Exercise objective |
Once the line with "into a Chase In" is found in the entries below, print it and each following line exactly, stopping after the line with "centimeters (Round your"; print nothing else.

Records provided |
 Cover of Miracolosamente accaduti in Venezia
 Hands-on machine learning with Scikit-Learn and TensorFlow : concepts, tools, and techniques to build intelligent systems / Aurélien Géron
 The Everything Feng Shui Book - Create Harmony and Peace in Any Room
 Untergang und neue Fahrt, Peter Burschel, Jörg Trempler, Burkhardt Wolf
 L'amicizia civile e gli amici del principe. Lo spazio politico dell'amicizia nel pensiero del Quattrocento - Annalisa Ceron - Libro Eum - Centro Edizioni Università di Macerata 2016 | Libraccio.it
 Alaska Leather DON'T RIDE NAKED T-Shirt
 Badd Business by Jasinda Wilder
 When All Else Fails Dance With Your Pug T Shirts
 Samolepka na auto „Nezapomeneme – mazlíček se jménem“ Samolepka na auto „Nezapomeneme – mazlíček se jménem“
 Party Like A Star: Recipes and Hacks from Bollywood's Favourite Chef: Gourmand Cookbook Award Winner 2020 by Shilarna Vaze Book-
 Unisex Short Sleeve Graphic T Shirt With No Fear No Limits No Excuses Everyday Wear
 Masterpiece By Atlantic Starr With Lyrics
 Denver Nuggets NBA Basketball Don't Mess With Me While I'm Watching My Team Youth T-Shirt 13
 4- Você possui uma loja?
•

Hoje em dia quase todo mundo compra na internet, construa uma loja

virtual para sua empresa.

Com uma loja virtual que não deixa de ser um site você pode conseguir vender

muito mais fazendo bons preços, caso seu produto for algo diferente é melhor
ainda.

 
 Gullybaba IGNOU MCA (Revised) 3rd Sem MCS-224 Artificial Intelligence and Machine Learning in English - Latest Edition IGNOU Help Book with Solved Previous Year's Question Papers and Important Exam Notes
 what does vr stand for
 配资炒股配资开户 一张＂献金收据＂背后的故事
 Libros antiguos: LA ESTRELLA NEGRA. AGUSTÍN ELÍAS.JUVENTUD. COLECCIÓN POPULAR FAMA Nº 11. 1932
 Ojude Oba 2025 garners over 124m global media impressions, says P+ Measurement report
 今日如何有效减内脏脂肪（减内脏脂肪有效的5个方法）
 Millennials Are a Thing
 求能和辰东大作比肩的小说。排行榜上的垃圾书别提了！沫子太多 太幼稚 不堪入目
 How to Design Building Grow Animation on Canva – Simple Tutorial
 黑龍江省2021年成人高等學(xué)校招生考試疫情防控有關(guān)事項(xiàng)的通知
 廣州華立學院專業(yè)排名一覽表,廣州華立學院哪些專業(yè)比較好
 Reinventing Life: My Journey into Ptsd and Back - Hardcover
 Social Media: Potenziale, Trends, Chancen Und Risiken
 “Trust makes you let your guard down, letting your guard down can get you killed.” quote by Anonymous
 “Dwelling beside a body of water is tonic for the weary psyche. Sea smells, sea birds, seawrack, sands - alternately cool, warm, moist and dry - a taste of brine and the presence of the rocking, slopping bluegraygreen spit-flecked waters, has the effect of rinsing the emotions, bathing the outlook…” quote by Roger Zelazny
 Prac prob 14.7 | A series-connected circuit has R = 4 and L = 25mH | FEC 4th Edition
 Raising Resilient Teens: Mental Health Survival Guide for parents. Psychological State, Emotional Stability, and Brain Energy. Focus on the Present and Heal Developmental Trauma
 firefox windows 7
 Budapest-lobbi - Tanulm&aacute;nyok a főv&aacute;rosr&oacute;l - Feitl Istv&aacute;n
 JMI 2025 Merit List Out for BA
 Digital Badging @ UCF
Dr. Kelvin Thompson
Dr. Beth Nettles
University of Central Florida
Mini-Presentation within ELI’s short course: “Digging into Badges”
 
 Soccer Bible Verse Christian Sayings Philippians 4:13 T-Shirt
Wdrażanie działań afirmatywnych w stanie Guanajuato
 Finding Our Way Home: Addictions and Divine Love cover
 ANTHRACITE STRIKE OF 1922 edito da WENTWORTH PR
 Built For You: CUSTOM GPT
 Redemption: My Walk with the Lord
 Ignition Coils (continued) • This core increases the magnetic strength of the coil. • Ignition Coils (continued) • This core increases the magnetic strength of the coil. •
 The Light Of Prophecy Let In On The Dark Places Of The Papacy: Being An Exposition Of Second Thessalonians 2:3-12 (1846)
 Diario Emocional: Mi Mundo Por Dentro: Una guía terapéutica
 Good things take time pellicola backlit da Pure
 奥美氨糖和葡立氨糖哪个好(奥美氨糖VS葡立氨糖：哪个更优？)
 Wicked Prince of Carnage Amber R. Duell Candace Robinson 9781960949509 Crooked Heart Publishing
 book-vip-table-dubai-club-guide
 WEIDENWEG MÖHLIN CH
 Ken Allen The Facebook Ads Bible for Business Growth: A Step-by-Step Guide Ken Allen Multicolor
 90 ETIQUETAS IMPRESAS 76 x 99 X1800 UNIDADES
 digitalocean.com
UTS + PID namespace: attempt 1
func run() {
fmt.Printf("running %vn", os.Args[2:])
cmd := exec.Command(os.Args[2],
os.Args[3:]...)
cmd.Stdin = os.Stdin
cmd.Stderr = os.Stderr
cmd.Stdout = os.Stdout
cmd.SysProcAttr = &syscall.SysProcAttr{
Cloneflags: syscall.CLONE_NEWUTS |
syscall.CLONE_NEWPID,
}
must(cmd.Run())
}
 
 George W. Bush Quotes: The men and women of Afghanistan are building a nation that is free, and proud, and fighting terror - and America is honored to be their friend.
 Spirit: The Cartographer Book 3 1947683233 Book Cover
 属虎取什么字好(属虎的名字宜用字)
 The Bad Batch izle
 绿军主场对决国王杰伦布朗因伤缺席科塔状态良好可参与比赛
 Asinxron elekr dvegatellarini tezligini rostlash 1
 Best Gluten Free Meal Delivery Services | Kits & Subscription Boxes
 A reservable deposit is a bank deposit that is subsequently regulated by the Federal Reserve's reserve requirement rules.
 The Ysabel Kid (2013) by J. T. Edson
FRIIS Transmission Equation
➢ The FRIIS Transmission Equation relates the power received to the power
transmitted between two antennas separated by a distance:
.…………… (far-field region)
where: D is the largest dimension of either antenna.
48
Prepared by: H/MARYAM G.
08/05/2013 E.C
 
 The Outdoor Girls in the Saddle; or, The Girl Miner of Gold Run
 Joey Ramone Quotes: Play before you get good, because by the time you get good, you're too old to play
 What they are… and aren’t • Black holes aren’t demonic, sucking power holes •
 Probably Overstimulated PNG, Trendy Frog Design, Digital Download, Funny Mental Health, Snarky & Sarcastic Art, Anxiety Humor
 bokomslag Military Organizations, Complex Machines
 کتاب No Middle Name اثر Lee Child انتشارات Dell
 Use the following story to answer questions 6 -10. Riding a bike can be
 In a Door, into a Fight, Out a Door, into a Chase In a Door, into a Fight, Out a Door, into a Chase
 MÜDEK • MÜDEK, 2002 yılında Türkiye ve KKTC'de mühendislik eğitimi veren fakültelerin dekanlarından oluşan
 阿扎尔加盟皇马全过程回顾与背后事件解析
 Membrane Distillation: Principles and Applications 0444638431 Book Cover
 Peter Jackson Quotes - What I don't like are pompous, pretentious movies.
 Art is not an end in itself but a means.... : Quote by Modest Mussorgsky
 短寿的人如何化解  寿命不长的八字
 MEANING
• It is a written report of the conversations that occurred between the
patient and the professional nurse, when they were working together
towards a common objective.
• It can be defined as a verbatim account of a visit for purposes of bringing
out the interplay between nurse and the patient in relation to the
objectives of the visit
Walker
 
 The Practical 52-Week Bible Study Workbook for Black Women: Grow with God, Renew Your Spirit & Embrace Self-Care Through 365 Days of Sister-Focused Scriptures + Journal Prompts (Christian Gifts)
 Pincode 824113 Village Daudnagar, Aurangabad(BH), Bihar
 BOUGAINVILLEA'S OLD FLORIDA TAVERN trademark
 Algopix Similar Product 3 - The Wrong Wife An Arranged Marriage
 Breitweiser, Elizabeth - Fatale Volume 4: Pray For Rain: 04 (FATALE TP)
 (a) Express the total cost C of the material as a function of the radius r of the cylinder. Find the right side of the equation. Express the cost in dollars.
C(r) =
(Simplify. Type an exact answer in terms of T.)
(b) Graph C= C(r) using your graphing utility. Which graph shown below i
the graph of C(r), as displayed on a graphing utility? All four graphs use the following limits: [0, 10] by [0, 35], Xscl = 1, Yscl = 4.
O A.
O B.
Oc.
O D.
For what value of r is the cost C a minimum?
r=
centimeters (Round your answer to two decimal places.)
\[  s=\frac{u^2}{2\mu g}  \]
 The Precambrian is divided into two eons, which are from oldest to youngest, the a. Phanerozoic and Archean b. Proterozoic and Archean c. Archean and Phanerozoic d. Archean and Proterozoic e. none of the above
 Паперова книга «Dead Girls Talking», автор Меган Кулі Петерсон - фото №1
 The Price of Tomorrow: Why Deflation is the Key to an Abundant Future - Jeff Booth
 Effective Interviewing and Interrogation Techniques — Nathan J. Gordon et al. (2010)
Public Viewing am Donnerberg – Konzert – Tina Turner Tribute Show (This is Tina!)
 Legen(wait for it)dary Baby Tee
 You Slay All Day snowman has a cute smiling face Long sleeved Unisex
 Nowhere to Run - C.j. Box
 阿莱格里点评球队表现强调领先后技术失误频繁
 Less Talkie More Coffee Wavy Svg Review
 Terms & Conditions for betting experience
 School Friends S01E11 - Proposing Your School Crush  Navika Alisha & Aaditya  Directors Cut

Written solution |
 In a Door, into a Fight, Out a Door, into a Chase In a Door, into a Fight, Out a Door, into a Chase
 MÜDEK • MÜDEK, 2002 yılında Türkiye ve KKTC'de mühendislik eğitimi veren fakültelerin dekanlarından oluşan
 阿扎尔加盟皇马全过程回顾与背后事件解析
 Membrane Distillation: Principles and Applications 0444638431 Book Cover
 Peter Jackson Quotes - What I don't like are pompous, pretentious movies.
 Art is not an end in itself but a means.... : Quote by Modest Mussorgsky
 短寿的人如何化解  寿命不长的八字
 MEANING
• It is a written report of the conversations that occurred between the
patient and the professional nurse, when they were working together
towards a common objective.
• It can be defined as a verbatim account of a visit for purposes of bringing
out the interplay between nurse and the patient in relation to the
objectives of the visit
Walker
 
 The Practical 52-Week Bible Study Workbook for Black Women: Grow with God, Renew Your Spirit & Embrace Self-Care Through 365 Days of Sister-Focused Scriptures + Journal Prompts (Christian Gifts)
 Pincode 824113 Village Daudnagar, Aurangabad(BH), Bihar
 BOUGAINVILLEA'S OLD FLORIDA TAVERN trademark
 Algopix Similar Product 3 - The Wrong Wife An Arranged Marriage
 Breitweiser, Elizabeth - Fatale Volume 4: Pray For Rain: 04 (FATALE TP)
 (a) Express the total cost C of the material as a function of the radius r of the cylinder. Find the right side of the equation. Express the cost in dollars.
C(r) =
(Simplify. Type an exact answer in terms of T.)
(b) Graph C= C(r) using your graphing utility. Which graph shown below i
the graph of C(r), as displayed on a graphing utility? All four graphs use the following limits: [0, 10] by [0, 35], Xscl = 1, Yscl = 4.
O A.
O B.
Oc.
O D.
For what value of r is the cost C a minimum?
r=
centimeters (Round your answer to two decimal places.)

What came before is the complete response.